I will keep checking their position for a couple days and see if there are any changes.

[edit on 26-7-2004 by Muaddib]

posted on Jul, 27 2004 @ 06:03 PM
If you put the date when a part of the USA and Canada have the electricity faillure, did the picture (or composite) show that part without lights?

posted on Jul, 27 2004 @ 06:16 PM
Well it's obviously a massive underwater alien armada.......I wish.

posted on Jul, 31 2004 @ 11:59 AM
Hi Muaddib

Lets see what happens to these lights after this typhoon passes over.
Satt' image link updated hourly,
edit: click on satt' image, top left to enlarge.

And a link to the storm.

It will be interesting to get a nite satt' image in, say 24-48 hrs.
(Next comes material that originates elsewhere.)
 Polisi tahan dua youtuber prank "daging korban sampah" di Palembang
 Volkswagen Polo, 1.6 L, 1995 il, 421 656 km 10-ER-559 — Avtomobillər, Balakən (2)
[edit on 31-7-2004 by sanctum]

posted on Jul, 31 2004 @ 12:13 PM
Actually...i can tell you what they are....

They are Japanese squid fishing boat lights.

Lots of japanese go fishing at night for squid whoa re attracted to the green light that the boats have to attract them.

I rememebr this fom a newspaper article about 2 years ago.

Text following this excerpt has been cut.